Top of Data extract
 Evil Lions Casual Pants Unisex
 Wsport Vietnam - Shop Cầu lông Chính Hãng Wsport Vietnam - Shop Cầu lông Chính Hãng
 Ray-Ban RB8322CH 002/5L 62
Bottom of Data extract
Top of Data extract
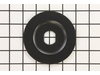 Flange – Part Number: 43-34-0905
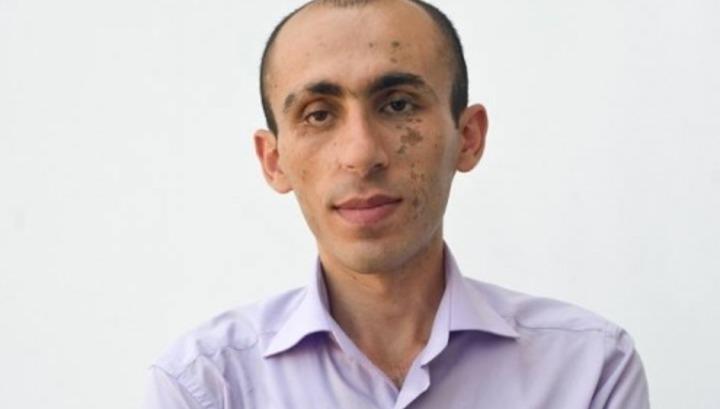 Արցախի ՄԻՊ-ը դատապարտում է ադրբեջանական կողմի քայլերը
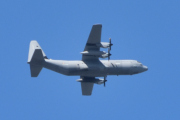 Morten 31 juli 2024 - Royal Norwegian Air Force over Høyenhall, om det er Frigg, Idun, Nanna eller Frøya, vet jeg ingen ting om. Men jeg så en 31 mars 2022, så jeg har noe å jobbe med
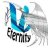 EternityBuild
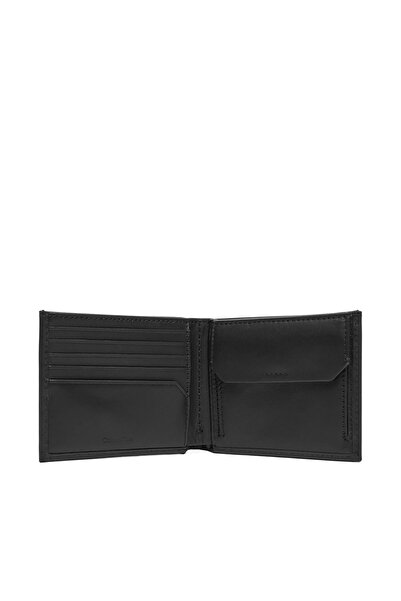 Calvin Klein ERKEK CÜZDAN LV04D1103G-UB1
Bottom of Data extract
> Task directions:
Copy back exactly the lines above from the one containing "Flange – Part Number: 43-34-0905" through the one containing "Calvin Klein ERKEK CÜZDAN LV04D1103G-UB1", and leave every picture behind.

> Response area:
 Flange – Part Number: 43-34-0905
 Արցախի ՄԻՊ-ը դատապարտում է ադրբեջանական կողմի քայլերը
 Morten 31 juli 2024 - Royal Norwegian Air Force over Høyenhall, om det er Frigg, Idun, Nanna eller Frøya, vet jeg ingen ting om. Men jeg så en 31 mars 2022, så jeg har noe å jobbe med
 EternityBuild
 Calvin Klein ERKEK CÜZDAN LV04D1103G-UB1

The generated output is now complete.